__Listed entries__
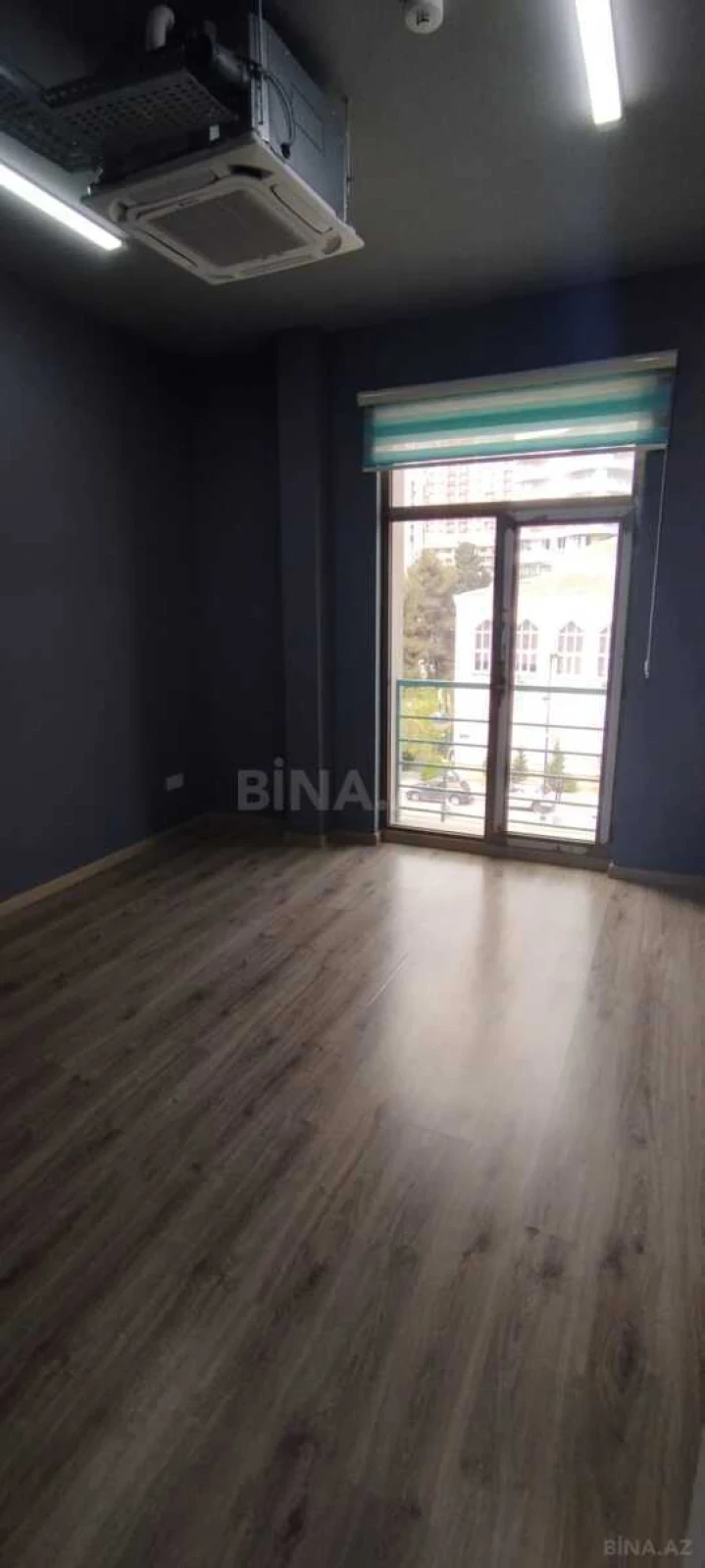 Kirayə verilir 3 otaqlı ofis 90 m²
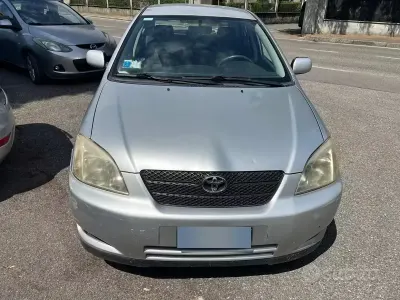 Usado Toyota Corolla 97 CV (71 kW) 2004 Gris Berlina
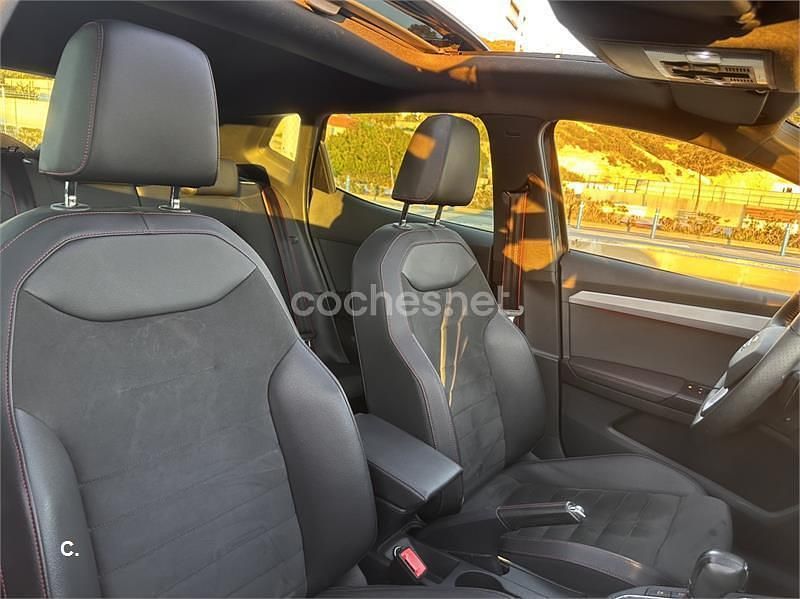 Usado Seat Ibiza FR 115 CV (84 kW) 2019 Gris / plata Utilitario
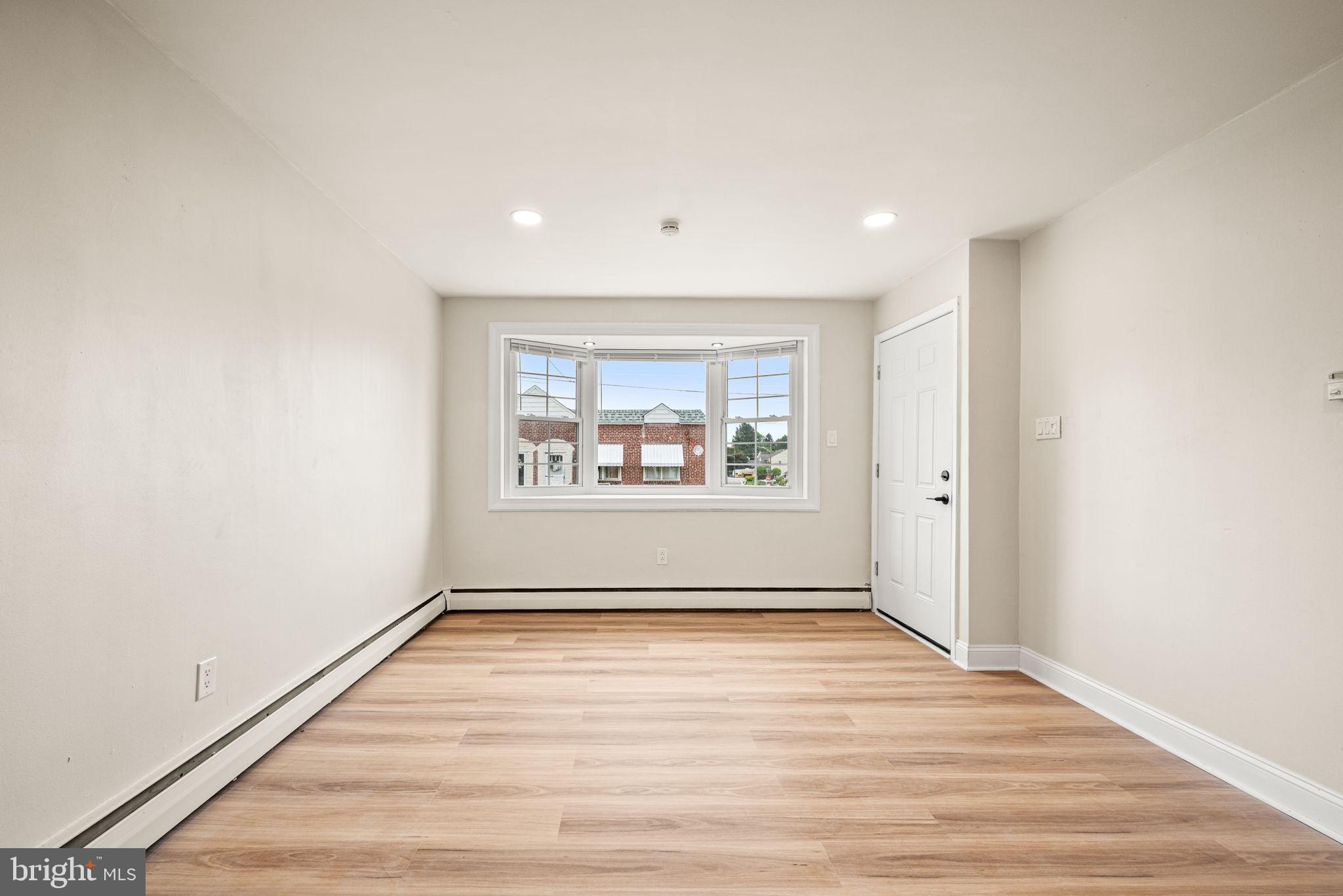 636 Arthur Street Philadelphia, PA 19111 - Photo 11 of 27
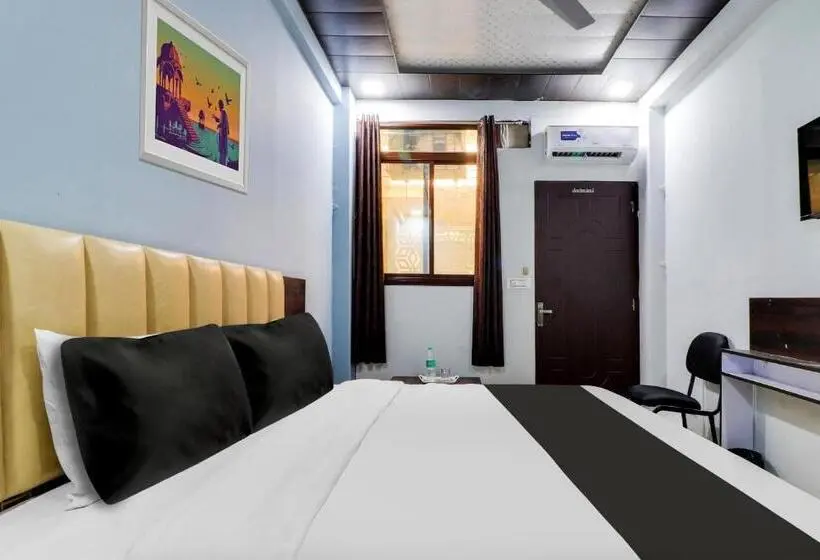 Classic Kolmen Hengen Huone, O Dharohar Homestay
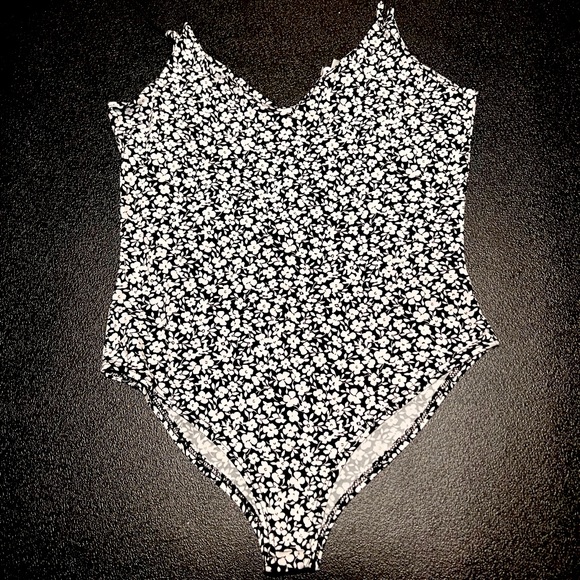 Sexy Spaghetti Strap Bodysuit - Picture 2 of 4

==

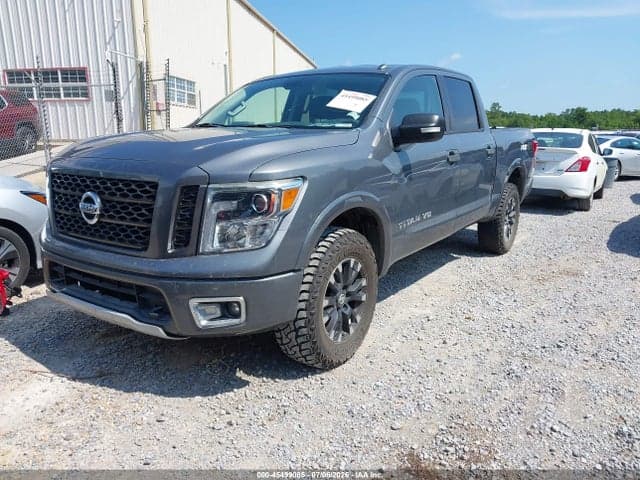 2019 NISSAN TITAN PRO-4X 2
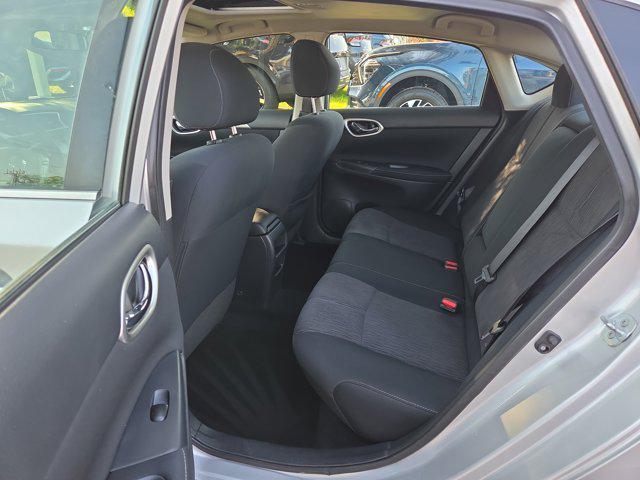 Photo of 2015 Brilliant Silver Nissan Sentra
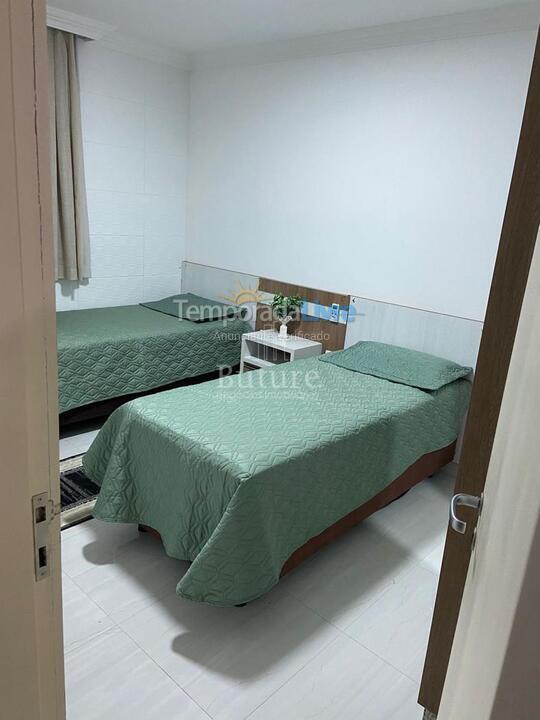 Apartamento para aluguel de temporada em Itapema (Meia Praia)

---

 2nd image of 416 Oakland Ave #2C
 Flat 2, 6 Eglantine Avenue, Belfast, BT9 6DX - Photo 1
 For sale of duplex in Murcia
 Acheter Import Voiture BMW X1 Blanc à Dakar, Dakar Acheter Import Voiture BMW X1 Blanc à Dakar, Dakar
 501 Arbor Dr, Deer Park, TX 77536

__To do__
Only one stretch of the listing is wanted: the lines starting at the one with "Kirayə verilir 3 otaqlı ofis 90 m²" and ending at the one with "Sexy Spaghetti Strap", copied exactly and free of pictures.

__Result__
 Kirayə verilir 3 otaqlı ofis 90 m²
 Usado Toyota Corolla 97 CV (71 kW) 2004 Gris Berlina
 Usado Seat Ibiza FR 115 CV (84 kW) 2019 Gris / plata Utilitario
 636 Arthur Street Philadelphia, PA 19111 - Photo 11 of 27
 Classic Kolmen Hengen Huone, O Dharohar Homestay
 Sexy Spaghetti Strap Bodysuit - Picture 2 of 4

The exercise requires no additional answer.